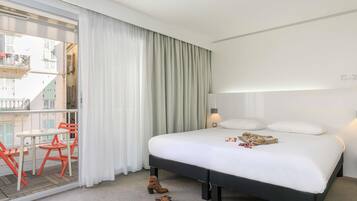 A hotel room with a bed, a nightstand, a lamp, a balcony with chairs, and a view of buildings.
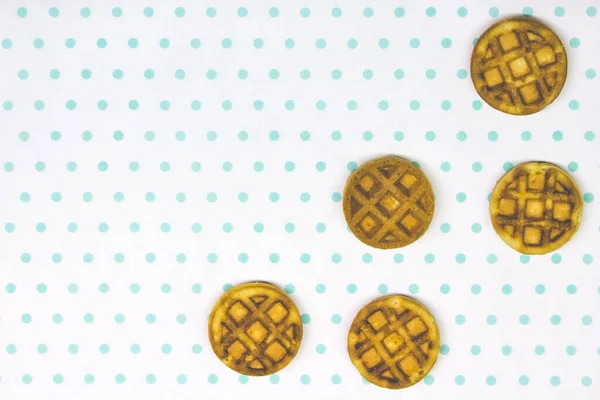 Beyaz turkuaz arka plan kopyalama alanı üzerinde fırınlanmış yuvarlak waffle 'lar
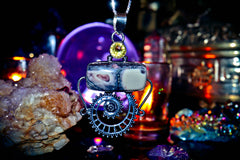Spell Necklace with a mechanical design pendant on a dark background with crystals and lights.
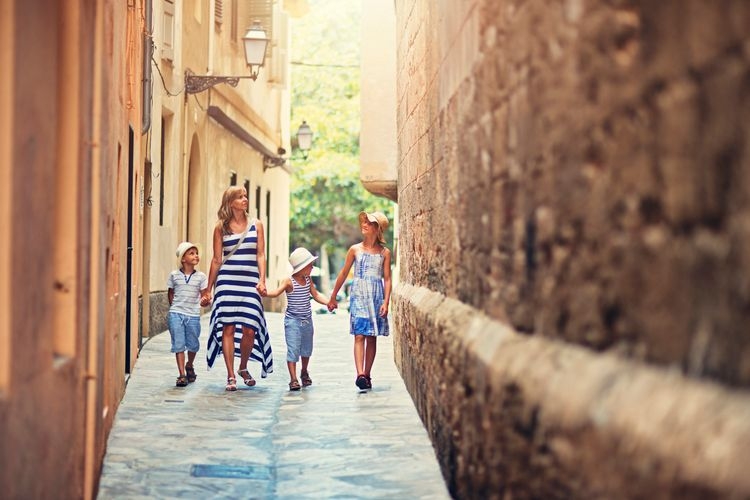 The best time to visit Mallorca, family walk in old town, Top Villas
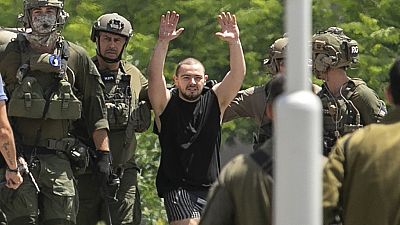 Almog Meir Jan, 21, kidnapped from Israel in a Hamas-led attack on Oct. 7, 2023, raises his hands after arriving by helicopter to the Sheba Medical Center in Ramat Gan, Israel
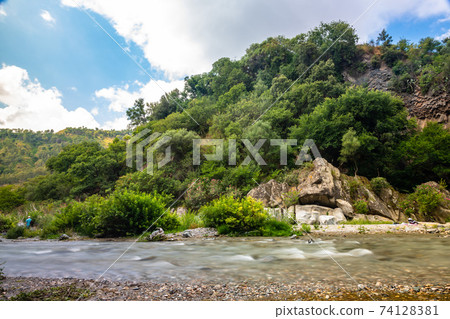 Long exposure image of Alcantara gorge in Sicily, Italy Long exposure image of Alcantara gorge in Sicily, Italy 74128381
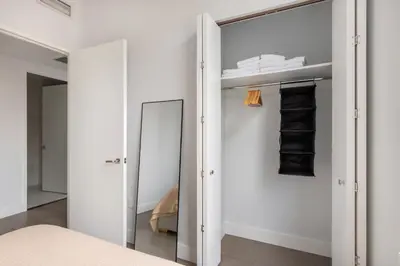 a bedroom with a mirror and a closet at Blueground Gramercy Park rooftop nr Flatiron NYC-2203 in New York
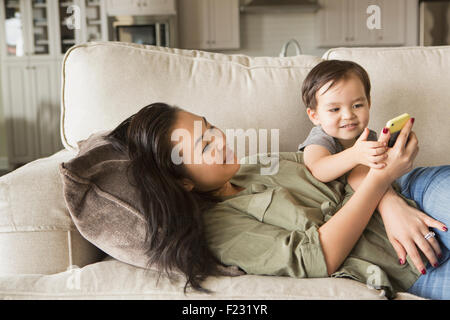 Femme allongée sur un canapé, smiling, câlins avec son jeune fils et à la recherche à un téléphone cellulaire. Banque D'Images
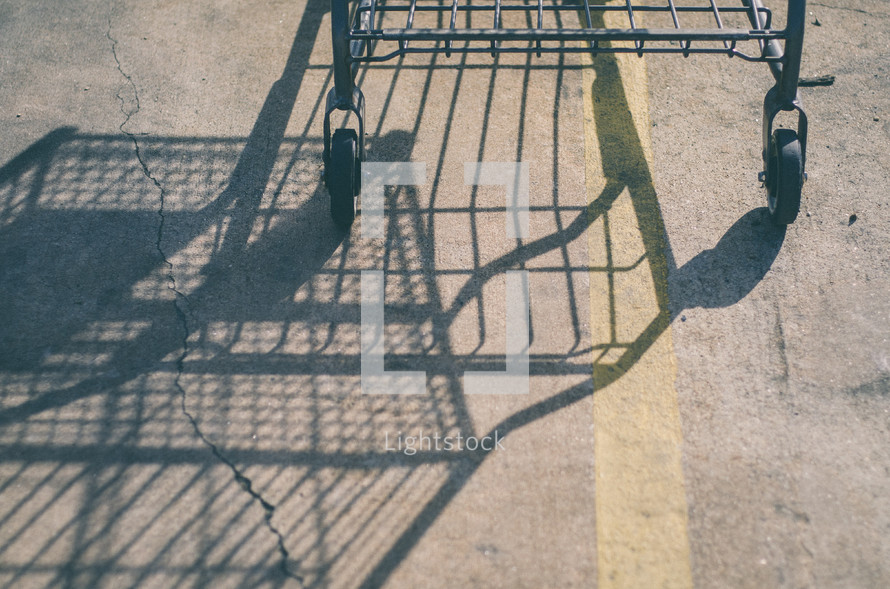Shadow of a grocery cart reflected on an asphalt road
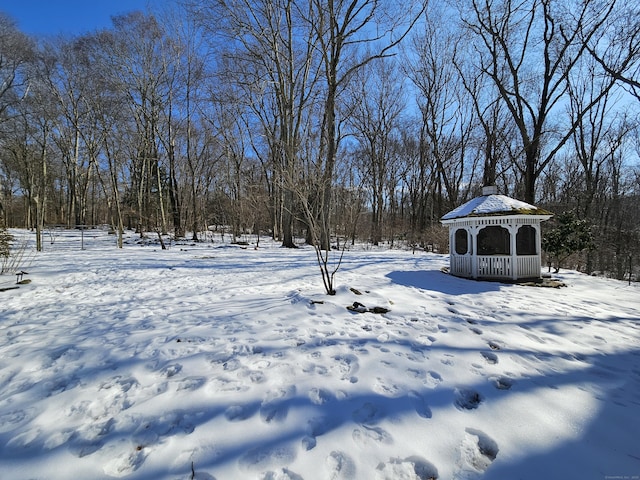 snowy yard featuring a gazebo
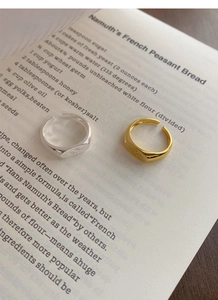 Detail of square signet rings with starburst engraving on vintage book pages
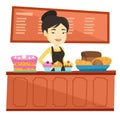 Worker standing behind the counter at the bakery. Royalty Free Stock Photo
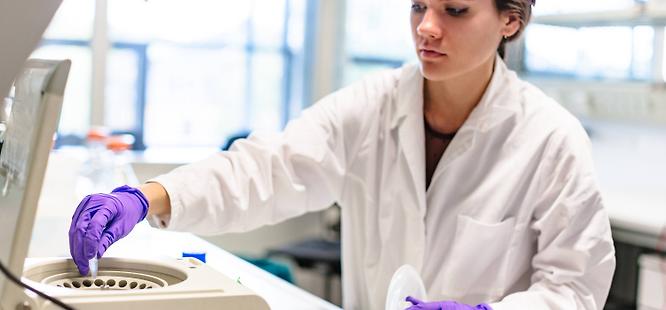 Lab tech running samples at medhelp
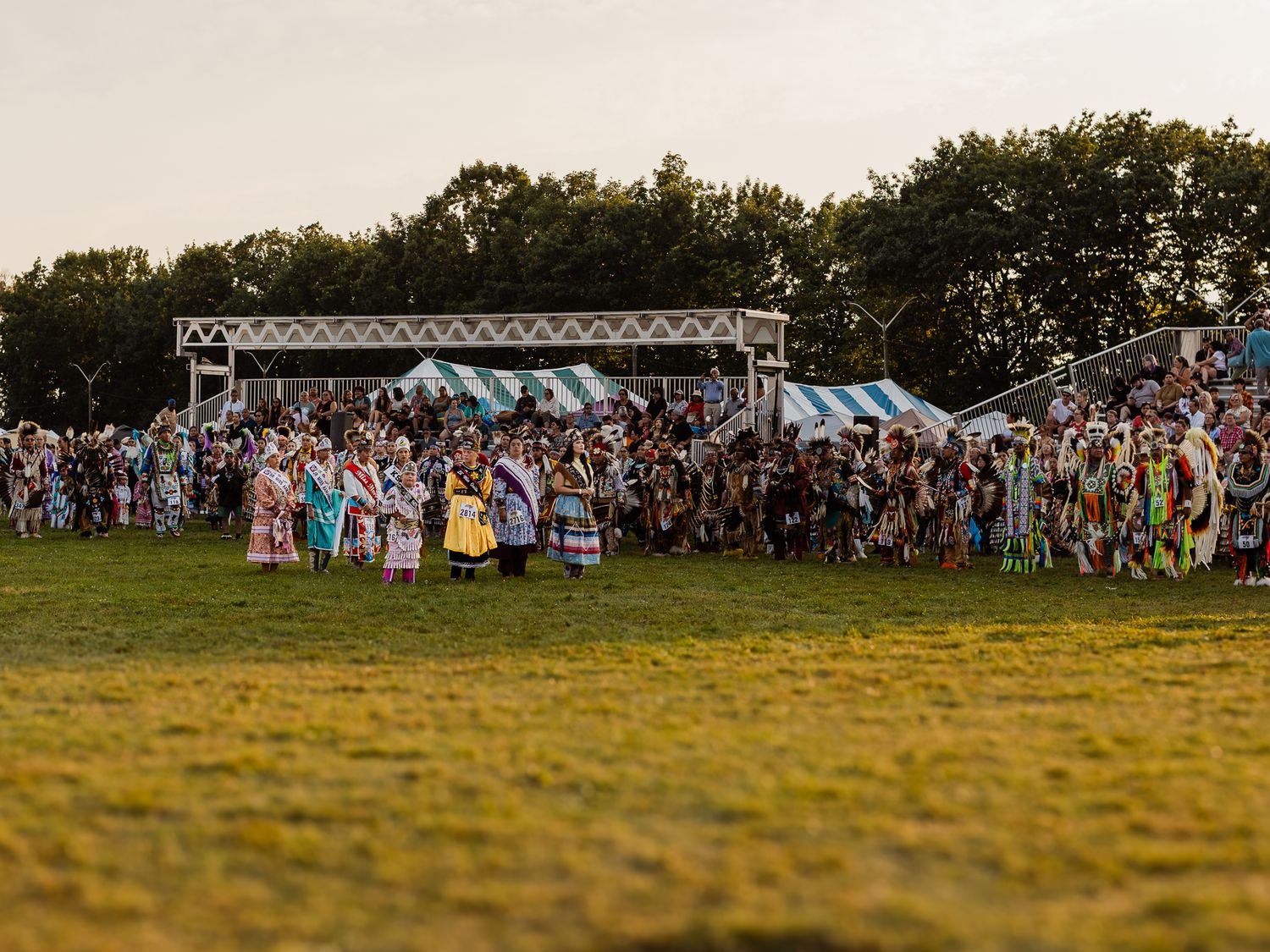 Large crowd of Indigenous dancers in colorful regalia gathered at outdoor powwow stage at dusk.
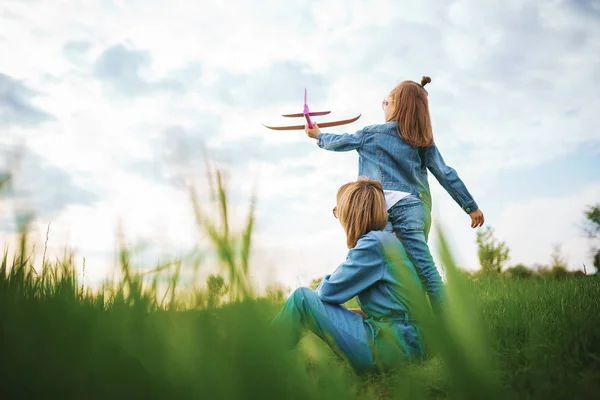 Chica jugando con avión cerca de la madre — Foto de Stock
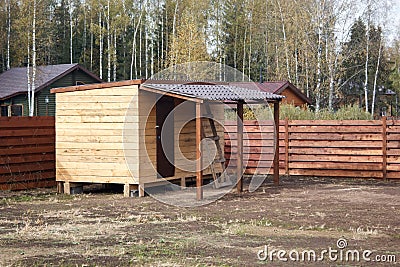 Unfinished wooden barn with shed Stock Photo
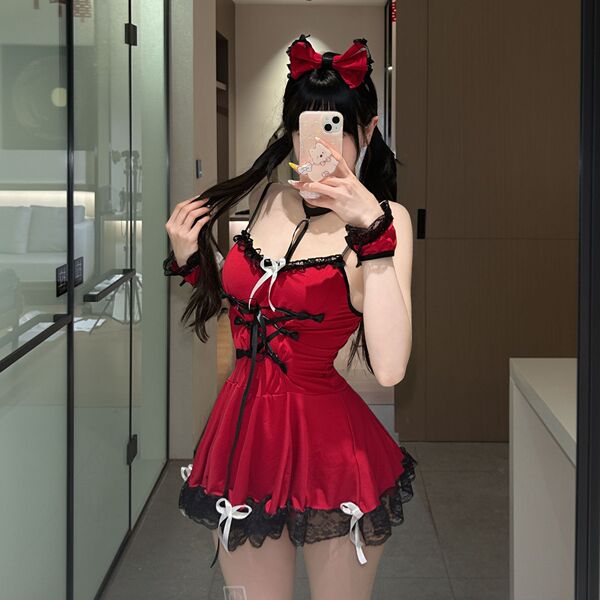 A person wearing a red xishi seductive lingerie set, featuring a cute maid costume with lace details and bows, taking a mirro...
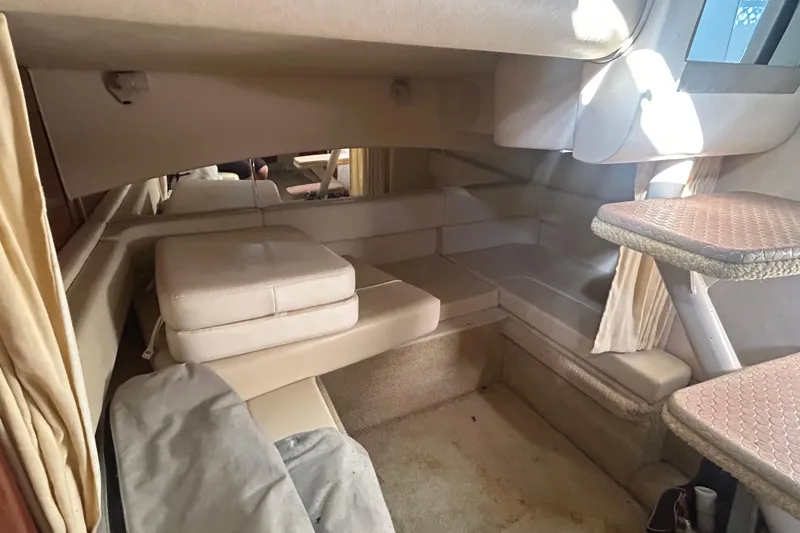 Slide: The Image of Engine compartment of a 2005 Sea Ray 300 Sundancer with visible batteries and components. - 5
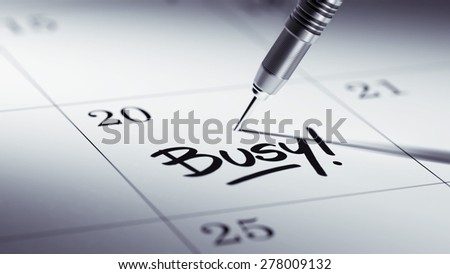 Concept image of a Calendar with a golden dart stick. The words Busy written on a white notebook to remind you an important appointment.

------------------------

** TASK DIRECTIONS **
Leave out the pictures and restate, word for word, the lines from the top of the data through the line containing "The best time", both included.

** RESULT OF THIS TASK **
 A hotel room with a bed, a nightstand, a lamp, a balcony with chairs, and a view of buildings.
 Beyaz turkuaz arka plan kopyalama alanı üzerinde fırınlanmış yuvarlak waffle 'lar
Spell Necklace with a mechanical design pendant on a dark background with crystals and lights.
 The best time to visit Mallorca, family walk in old town, Top Villas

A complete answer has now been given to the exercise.